» Problem description
Transcribe the listing below only from the line with "Huge rectangular earrings" up to and including the line with "guerrilla cookie! - oatmeal, chocolate".

» Material to process
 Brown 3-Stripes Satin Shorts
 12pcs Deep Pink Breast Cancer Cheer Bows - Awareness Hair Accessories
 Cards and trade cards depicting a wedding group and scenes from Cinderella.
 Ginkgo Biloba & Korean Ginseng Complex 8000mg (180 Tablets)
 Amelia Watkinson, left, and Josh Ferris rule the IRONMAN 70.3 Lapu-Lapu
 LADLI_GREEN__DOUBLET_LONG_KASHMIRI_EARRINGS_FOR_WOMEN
* * *
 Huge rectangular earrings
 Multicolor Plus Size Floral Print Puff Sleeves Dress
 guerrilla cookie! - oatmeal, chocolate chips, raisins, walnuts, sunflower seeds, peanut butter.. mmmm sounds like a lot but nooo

» Response area
 Huge rectangular earrings
 Multicolor Plus Size Floral Print Puff Sleeves Dress
 guerrilla cookie! - oatmeal, chocolate chips, raisins, walnuts, sunflower seeds, peanut butter.. mmmm sounds like a lot but nooo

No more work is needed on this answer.